Dataset items:

"""

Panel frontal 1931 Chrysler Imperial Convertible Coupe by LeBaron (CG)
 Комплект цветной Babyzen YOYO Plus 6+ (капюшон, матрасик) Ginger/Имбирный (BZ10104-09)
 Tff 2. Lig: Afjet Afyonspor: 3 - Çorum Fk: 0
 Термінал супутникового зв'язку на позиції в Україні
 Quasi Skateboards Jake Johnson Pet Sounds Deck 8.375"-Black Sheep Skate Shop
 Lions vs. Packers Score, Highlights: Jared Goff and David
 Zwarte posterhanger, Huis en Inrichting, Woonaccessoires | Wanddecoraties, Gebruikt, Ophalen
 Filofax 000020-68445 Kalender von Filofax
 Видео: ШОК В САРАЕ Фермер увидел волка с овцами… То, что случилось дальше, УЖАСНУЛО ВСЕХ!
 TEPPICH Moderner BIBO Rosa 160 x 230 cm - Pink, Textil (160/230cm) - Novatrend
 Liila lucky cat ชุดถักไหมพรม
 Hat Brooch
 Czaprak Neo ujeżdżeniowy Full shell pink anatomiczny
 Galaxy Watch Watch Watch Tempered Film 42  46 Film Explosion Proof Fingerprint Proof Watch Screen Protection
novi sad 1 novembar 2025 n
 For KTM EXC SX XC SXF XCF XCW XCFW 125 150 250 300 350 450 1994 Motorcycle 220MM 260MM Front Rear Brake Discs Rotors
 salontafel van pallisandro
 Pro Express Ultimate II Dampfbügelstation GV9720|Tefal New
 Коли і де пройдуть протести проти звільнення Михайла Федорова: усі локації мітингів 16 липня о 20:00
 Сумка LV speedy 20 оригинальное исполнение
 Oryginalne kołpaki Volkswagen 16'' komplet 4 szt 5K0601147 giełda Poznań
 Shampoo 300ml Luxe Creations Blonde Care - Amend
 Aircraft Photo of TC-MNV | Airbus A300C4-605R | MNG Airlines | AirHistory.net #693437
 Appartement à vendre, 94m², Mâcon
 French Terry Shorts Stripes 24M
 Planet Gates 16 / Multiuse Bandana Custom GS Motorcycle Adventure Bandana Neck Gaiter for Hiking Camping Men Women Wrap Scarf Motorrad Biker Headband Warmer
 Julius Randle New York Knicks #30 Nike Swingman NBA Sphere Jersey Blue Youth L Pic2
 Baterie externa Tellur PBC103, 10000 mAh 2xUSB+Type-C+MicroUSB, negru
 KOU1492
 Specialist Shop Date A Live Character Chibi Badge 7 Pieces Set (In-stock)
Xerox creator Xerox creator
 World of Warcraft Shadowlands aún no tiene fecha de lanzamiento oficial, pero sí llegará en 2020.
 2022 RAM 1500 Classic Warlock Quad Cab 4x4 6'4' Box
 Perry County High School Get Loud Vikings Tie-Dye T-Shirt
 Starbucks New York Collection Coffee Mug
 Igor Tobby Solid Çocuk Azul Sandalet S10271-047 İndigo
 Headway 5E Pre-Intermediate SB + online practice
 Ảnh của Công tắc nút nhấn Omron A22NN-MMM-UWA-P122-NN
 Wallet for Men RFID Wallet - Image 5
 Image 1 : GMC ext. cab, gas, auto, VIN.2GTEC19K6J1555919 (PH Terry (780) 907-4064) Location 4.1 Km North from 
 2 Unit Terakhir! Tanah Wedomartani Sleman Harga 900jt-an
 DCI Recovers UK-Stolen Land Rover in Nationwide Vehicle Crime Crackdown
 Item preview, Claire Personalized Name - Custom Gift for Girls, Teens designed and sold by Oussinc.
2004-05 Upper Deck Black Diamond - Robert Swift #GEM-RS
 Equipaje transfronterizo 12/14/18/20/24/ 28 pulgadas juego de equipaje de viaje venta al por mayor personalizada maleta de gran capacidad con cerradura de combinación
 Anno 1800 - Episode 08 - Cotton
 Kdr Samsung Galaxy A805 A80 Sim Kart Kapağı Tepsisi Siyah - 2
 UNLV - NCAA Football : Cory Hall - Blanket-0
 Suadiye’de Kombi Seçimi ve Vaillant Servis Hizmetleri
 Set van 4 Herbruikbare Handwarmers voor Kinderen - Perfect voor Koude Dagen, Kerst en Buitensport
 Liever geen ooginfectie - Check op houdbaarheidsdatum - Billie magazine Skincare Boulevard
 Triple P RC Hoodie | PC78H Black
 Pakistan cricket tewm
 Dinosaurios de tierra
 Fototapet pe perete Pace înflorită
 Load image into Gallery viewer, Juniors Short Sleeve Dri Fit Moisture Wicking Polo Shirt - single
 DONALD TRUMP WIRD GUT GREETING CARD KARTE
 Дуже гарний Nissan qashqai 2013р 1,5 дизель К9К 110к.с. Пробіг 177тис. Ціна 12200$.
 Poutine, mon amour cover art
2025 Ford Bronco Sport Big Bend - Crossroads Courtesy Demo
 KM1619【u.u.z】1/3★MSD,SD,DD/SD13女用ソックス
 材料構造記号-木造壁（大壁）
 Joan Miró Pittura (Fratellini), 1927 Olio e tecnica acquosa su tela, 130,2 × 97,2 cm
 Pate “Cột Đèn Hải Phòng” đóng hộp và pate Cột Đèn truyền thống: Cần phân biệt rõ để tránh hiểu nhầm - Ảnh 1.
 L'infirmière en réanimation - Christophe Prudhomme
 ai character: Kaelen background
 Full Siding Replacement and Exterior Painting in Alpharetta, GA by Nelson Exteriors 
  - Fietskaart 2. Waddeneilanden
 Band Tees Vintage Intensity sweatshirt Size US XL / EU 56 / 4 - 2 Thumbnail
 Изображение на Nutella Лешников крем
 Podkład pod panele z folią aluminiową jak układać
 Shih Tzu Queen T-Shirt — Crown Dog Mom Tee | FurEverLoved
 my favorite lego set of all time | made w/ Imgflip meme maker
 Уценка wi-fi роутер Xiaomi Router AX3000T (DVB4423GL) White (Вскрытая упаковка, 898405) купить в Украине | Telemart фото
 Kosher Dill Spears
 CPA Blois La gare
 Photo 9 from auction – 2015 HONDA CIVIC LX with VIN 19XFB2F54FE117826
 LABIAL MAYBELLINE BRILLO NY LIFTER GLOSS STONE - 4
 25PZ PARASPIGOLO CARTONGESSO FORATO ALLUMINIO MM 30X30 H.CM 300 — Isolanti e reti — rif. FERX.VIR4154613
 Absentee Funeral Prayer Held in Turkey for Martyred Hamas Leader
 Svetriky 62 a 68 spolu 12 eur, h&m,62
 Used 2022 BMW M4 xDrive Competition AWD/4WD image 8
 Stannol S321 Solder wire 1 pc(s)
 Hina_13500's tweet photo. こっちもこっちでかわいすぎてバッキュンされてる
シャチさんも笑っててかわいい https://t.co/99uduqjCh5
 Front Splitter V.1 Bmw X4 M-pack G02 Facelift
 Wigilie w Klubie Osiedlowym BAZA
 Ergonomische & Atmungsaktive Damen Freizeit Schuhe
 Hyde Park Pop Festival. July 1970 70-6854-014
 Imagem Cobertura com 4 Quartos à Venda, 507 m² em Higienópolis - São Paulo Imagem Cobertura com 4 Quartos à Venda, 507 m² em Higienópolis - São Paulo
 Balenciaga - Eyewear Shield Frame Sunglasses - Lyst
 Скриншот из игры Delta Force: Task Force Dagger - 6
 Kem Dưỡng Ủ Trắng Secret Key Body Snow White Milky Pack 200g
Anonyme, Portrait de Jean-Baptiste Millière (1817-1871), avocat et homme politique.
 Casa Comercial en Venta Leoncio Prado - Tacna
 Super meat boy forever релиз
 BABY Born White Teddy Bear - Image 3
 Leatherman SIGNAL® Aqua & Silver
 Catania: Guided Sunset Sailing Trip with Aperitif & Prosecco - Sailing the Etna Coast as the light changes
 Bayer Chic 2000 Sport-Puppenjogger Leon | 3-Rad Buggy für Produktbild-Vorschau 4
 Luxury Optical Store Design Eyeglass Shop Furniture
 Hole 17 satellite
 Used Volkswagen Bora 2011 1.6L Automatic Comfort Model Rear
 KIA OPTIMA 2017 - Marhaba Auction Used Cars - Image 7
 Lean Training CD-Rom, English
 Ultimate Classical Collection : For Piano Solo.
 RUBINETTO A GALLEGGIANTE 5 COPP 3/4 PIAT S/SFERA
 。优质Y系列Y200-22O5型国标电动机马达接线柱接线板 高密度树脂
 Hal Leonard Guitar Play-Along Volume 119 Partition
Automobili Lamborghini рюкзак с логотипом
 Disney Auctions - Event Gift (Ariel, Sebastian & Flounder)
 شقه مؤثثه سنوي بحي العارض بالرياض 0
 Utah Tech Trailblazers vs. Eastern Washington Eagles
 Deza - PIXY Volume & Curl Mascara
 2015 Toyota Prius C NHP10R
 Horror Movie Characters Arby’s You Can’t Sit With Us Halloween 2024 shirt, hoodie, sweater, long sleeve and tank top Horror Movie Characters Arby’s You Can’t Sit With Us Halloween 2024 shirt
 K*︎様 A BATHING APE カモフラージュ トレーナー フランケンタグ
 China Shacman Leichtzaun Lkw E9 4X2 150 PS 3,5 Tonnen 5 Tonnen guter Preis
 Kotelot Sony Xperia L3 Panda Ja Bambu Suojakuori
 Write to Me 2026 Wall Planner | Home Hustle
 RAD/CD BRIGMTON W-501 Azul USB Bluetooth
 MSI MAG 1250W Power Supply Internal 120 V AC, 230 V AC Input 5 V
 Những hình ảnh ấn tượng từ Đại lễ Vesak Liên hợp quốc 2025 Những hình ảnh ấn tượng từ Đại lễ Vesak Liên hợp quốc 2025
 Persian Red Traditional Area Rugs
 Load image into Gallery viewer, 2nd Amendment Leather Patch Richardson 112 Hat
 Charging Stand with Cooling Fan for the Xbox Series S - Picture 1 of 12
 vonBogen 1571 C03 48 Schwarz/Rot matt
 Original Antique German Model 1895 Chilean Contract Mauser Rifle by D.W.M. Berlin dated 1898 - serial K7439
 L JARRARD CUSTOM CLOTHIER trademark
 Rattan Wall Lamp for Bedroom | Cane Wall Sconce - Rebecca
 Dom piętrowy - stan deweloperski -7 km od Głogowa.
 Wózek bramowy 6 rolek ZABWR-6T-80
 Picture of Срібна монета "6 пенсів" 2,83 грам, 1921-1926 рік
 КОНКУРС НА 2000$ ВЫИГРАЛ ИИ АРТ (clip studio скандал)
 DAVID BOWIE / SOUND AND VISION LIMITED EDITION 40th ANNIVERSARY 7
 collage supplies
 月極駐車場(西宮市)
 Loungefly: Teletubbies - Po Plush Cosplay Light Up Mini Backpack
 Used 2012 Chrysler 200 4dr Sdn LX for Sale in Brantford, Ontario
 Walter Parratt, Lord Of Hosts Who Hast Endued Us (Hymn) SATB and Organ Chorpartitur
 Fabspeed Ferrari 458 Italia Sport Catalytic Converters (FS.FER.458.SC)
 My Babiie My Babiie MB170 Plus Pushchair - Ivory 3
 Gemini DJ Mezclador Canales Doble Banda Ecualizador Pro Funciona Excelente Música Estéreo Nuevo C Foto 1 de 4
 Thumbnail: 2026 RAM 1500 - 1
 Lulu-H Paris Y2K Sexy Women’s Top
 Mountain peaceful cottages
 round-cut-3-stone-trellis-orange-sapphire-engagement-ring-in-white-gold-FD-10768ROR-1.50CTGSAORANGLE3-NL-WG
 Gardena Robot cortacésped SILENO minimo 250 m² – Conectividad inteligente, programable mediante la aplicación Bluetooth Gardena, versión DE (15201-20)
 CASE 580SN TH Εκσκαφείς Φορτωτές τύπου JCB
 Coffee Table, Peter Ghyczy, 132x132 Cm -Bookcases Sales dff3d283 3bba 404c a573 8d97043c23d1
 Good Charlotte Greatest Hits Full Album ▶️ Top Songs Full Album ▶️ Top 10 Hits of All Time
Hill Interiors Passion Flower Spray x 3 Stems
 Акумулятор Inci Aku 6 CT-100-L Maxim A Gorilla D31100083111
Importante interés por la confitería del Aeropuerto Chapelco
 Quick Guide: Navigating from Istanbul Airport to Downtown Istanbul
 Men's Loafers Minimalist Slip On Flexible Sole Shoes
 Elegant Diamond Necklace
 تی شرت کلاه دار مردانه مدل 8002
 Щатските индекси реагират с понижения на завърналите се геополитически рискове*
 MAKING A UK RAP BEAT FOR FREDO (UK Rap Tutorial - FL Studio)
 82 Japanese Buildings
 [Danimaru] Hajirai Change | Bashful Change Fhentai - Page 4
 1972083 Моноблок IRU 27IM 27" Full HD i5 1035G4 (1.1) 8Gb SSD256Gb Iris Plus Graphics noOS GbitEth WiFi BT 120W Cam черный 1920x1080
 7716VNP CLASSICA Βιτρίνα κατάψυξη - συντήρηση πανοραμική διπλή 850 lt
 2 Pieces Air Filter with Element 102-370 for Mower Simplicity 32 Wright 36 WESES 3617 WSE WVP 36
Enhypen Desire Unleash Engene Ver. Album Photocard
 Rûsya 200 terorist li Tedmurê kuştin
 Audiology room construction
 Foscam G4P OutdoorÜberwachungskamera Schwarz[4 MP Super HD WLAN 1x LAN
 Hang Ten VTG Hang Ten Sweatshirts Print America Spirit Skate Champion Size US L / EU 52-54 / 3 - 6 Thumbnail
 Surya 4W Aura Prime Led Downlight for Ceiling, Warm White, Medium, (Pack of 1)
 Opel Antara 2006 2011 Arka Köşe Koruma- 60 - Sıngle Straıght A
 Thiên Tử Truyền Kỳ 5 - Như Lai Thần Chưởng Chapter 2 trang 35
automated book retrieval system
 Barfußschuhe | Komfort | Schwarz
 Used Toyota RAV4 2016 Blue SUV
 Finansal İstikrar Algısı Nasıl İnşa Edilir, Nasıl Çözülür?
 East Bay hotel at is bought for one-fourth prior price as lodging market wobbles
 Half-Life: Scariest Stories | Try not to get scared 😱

"""

Up to and including the line with "Термінал супутникового зв'язку", restate the records above word for word from the very first line.

WRITTEN RESPONSE:
Panel frontal 1931 Chrysler Imperial Convertible Coupe by LeBaron (CG)
 Комплект цветной Babyzen YOYO Plus 6+ (капюшон, матрасик) Ginger/Имбирный (BZ10104-09)
 Tff 2. Lig: Afjet Afyonspor: 3 - Çorum Fk: 0
 Термінал супутникового зв'язку на позиції в Україні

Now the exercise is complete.